Baca Juga : Lip Service Pemimpin Wong Cilik
Di balik makna demokrasi yang terlihat semua yang diutamakan adalah rakyat, ada sesuatu yang mengganjal. Demokrasi yang selama ini diagung-agungkan tidaklah sesempurna yang diucapkan orang-orang, justru kebaikan dari demokrasi ternyata hanyalah covernya saja.
Cover demokrasi dikemas bagus sekali, tetapi sebenarnya demokrasi ini merusak pemikiran hingga menjalar pada perilaku manusianya. Sehingga, manusia di dalam sistem demokrasi rusak pemikirannya juga rusak moralnya, kecuali bagi orang yang beriman dan patuh terhadap aturan Sang Pencipta.

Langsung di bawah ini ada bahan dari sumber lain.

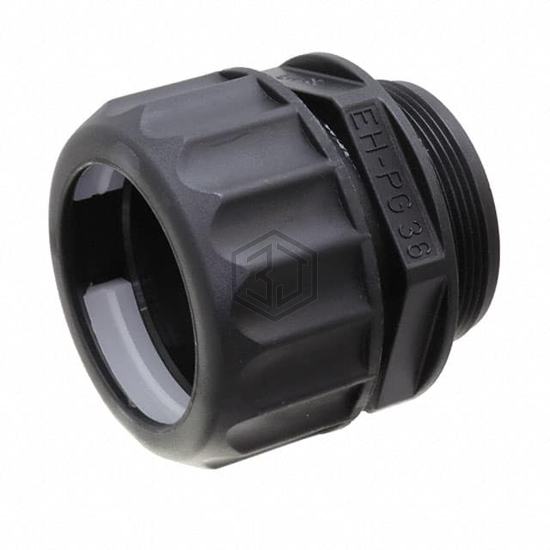 83501064 - Murrplastik Systems, Inc. - Accessories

Demokrasi ternyata menyimpan sejuta kerusakan. Demokrasi itu sangat menjunjung tinggi kebebasan. Tetapi, kebebasan yang di lontarkan oleh demokrasi ternyata menimbulkan kerusakan yang berkepanjangan. Penista agama di mana-mana, entah bagaimana kabar proses hukumnya sekarang. Itukah demokrasi?

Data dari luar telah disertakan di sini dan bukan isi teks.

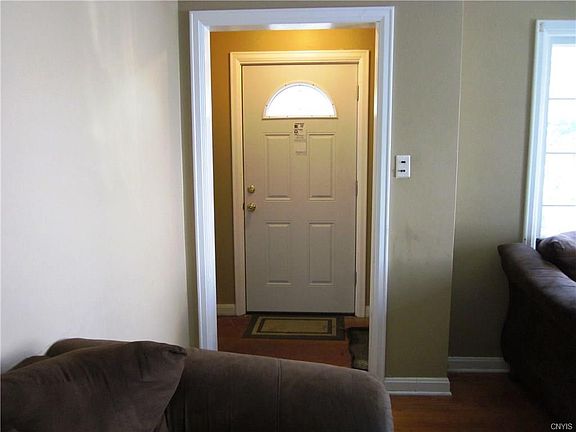 2nd image of 203 Milford Dr E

Melindungi rakyat, tapi rakyat yang punya kekuasaan. Kebebasan yang menonjol dari demokrasi justru malah membuat moral manusia lebih hina dari binatang. Kebebasan berpolitik yang berujung pada politik uang sehingga yang beruang itulah yang diutamakan, tidak peduli nasib rakyat dan bangsanya.
Kebebasan memilih dan dipilih, dalam hal ini berkaitan dengan pemilu, dalam pemilu bebas menentukan pilihannya, tak peduli bagaimana akhlaq dan perilakunya.
Tak peduli nanti dalam mengemban amanahnya. Tak sedikit yang mengeluarkan uang demi kemenangan. Itulah demokrasi, cerminannya sangat buruk sekali. Banyak lagi selain itu, demokrasi juga melahirkan generasi yang jauh dari nilai-nilai agama.
Miras beredar di mana-mana, merusak generasi hingga nyawa melayang. Generasi yang identik dengan pemdua dan pemuda itu pembawa perubahan, pemimpin masa depan.
Berbagai kebijakan dibuat untuk menangani masalah ini. tapi kenyataannya tetap saja miras masih banyak yang beredar di negeri ini.
Tidak hanya itu, saking demokrasinya negeri ini, sampai-sampai membuat kebijakan sendiri terkait permudahan tenaga kerja asing (TKA) di Indonesia, inilah yang menyebabkan mundurnya negeri ini.
Bukannya anak bangsa sendiri yang diberi lapangan pekerjaan, tapi anak bangsa lain yang diunggul-unggulkan. TKA gajinya tinggi, tetapi pekerja pribumi digaji rendah, seolah-olah pekerja pribumi ini rendahan di mata penguasa, gajinya pun tak cukup untuk biaya kehidupan. Kalau sudah seperti ini masih mau bertahan dengan demokrasi?
Kerusakan demi kerusakan sudah terlihat jelas. Karena besarnya kerusakan yang disebabkan oleh demokrasi, mau ditutupi seperti apapun tidak bisa, yang bisa hanya dengan digantinya demokrasi ini dengan sistem yang lebih baik lagi.
Jalan satu-satunya adalah kembali kepada aturan dari Sang Pencipta, menerapkan Islam secara keseluruhan di segala aspek kehidupan.
Rakyat sejahtera, bukan hanya muslim tapi juga non muslim akan mendapatkan kesejahteraan dan keadilan dalam sistem Islam.
“Bukankah Allah adalah sebaik-baik pemberi ketetapan hukum?” (QS. At-Tiin: 8)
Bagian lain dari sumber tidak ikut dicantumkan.